>>>>>
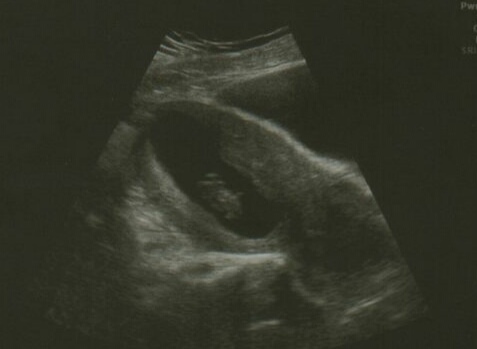 Would I be silly to get an early scan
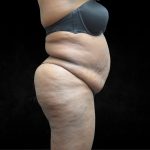 BBL / Brazilian Butt Lift / Gluteal Fat transfer Before & After Patient #1490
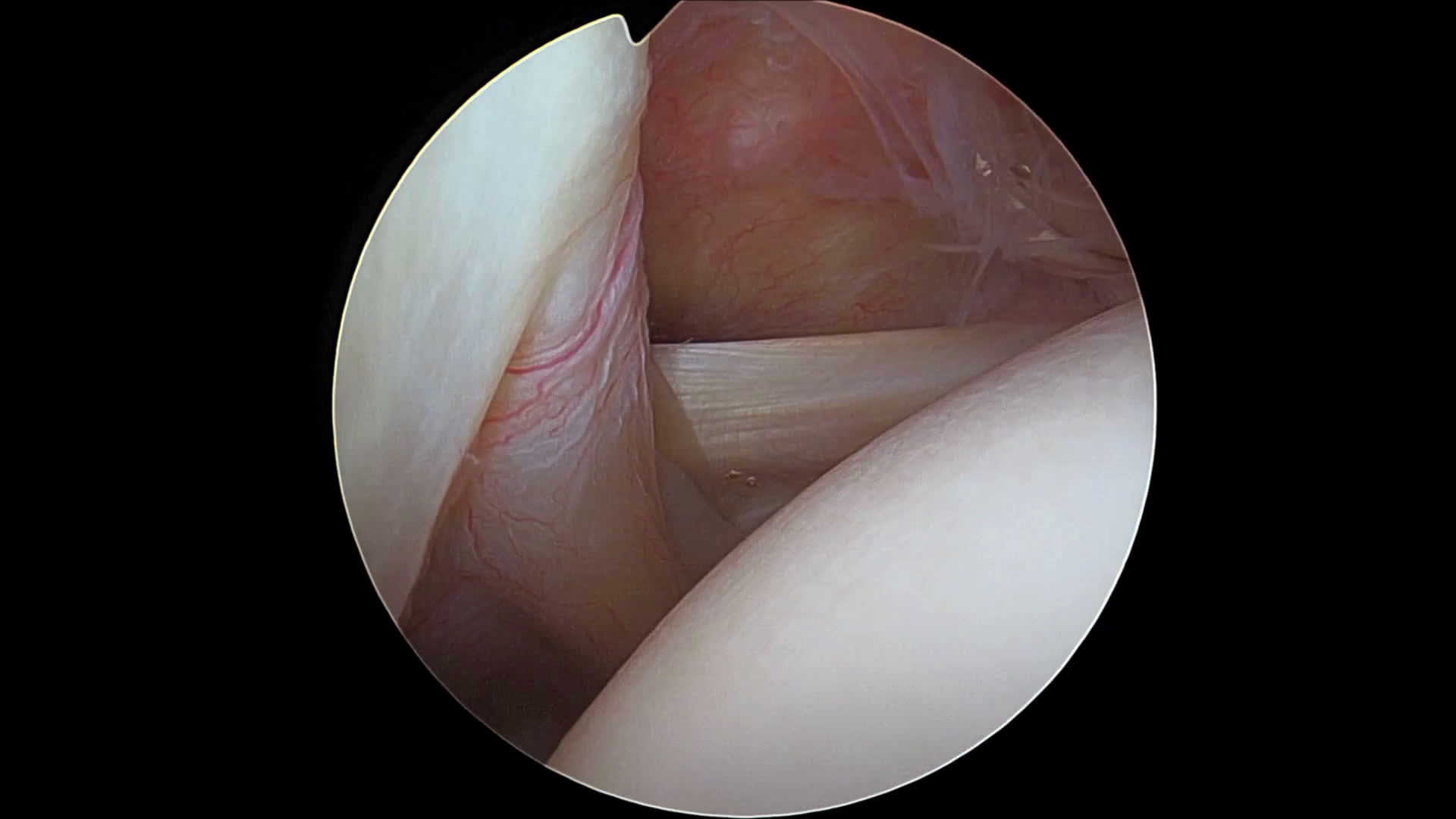 Rupture partielle face superficielle 1 (Dr Godeneche)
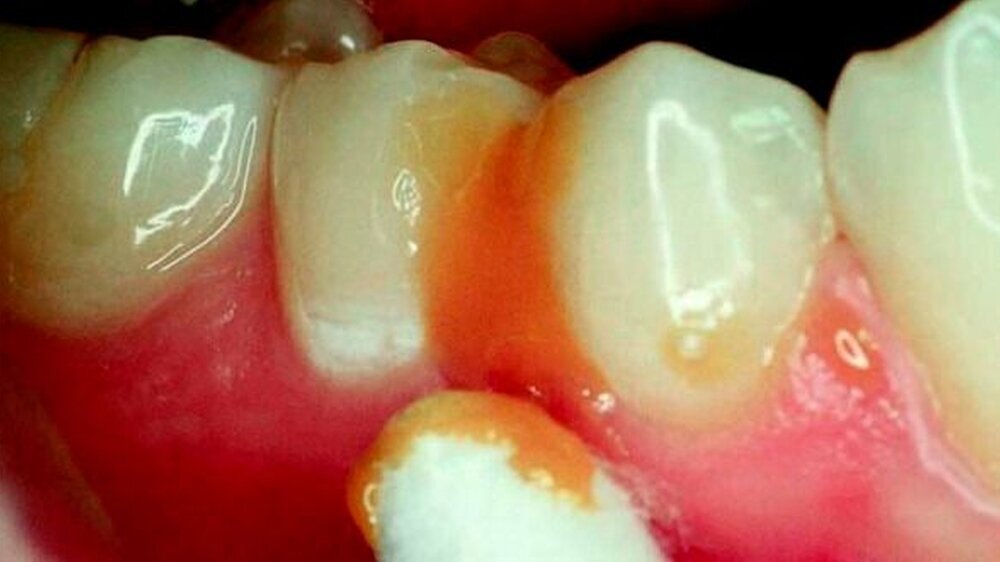 Nach Untersuchungen von Zimmer et al. führt bereits die zweimal jährliche Applikation eines hoch konzentrierten Fluoridlackes auch bei Kindern mit erhöhtem Kariesrisiko zu einer Karieshemmung von durchschnittlich 37 Prozent.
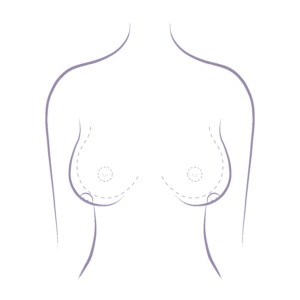 An image design that demonstrates the enhancement breast surgery can achieve in fixing uneven breasts. 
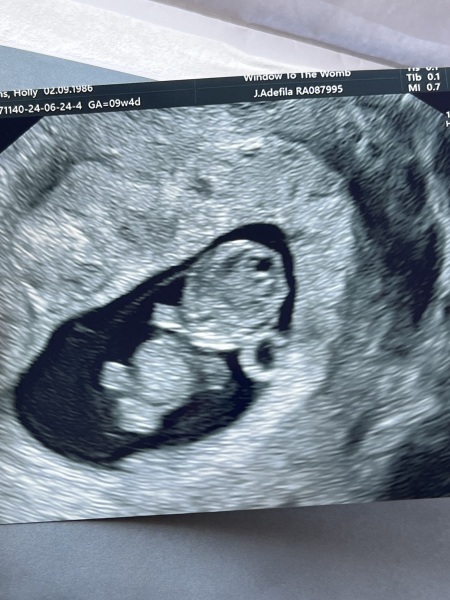 BFP after IVF - anyone want to join me in the wait for first scan?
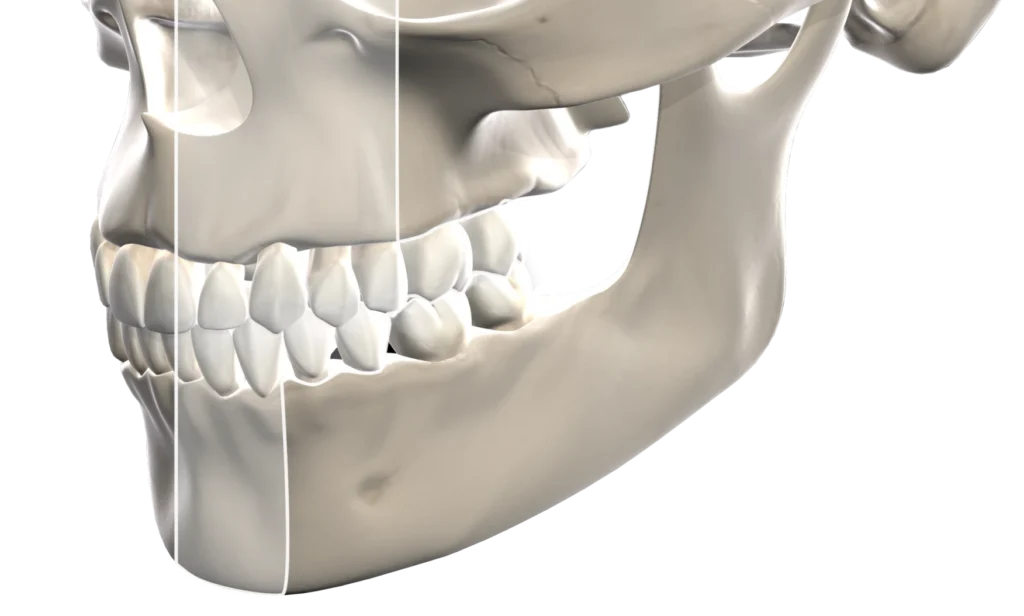 3d Teeth Scanning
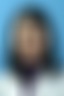 上海华山医院眼部整形怎么样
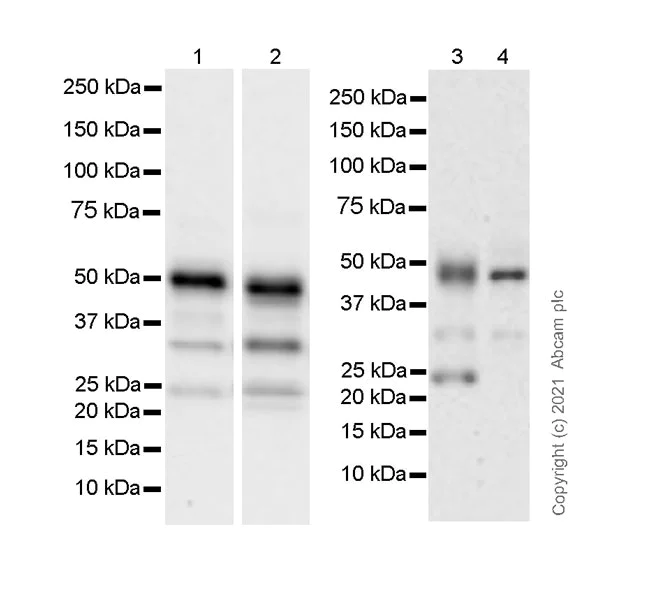 Western blot - Anti-Ataxin 3 antibody [EPR24153-2] - BSA and Azide free (AB284865)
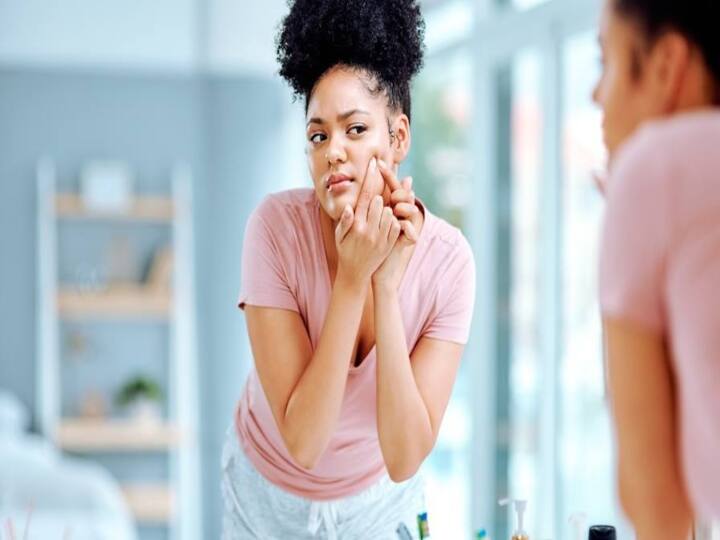 How to get rid of pimples, Check here the Tips, Natural Ways to Remove Pimples Pimples Cure Tips: முகமெல்லாம் பருவா...? இதை செய்தால் பரு உரு தெரியாமல் போகும்!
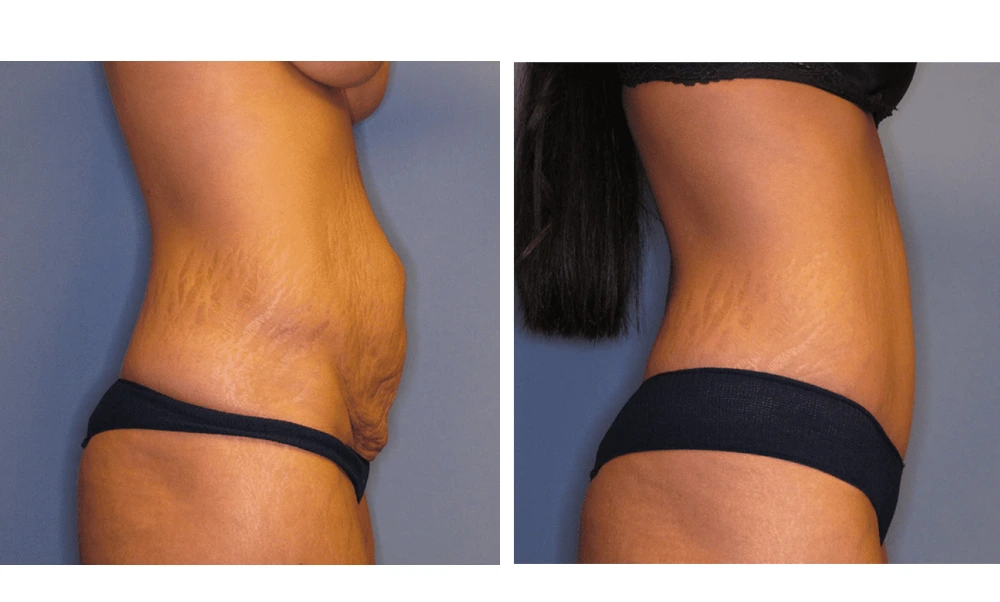 Tummy Tuck - Case 2 (2)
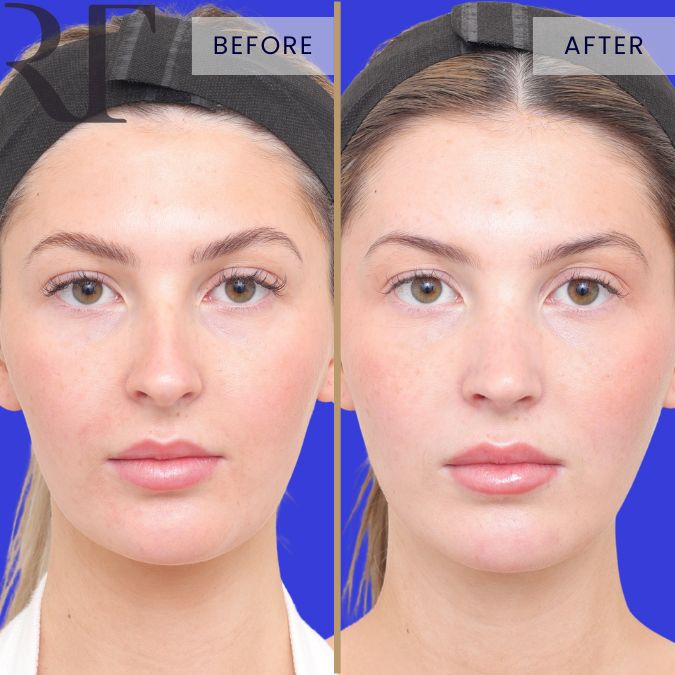 Rhinoplasty before and after, front view — straighter, narrower nasal profile six months after nose surgery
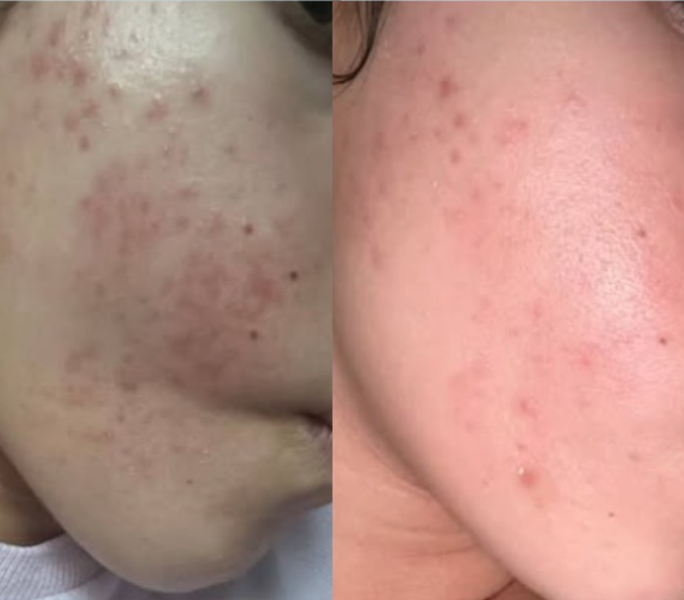 Comparison of skin with acne scars and red bumps on the cheek before and after treatment.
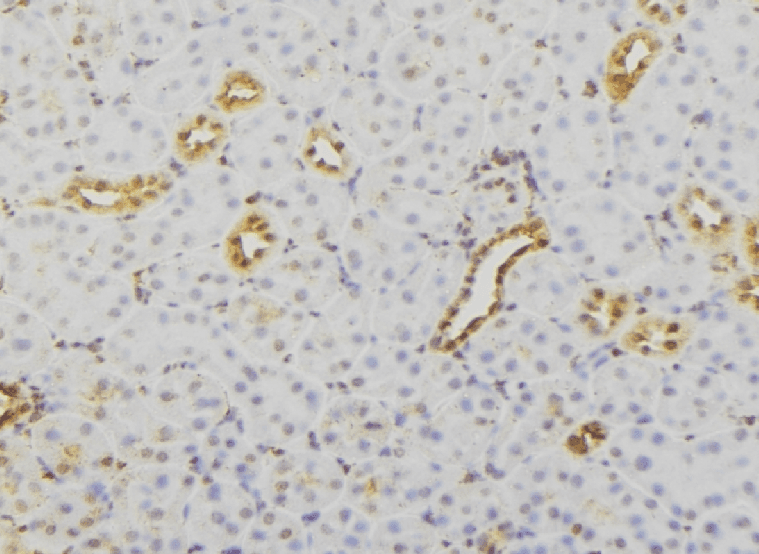 RAB23 Antibody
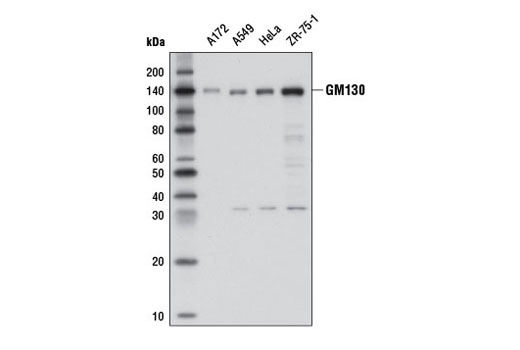  Image 1: Exosomal Marker Antibody Sampler Kit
<<<<<
Exercise instructions:
No pictures go in the copy. Output exactly the lines from the line containing "Western blot - Anti-Ataxin" through the end of the listing above.

Your solution:
 Western blot - Anti-Ataxin 3 antibody [EPR24153-2] - BSA and Azide free (AB284865)
 How to get rid of pimples, Check here the Tips, Natural Ways to Remove Pimples Pimples Cure Tips: முகமெல்லாம் பருவா...? இதை செய்தால் பரு உரு தெரியாமல் போகும்!
 Tummy Tuck - Case 2 (2)
 Rhinoplasty before and after, front view — straighter, narrower nasal profile six months after nose surgery
 Comparison of skin with acne scars and red bumps on the cheek before and after treatment.
 RAB23 Antibody
  Image 1: Exosomal Marker Antibody Sampler Kit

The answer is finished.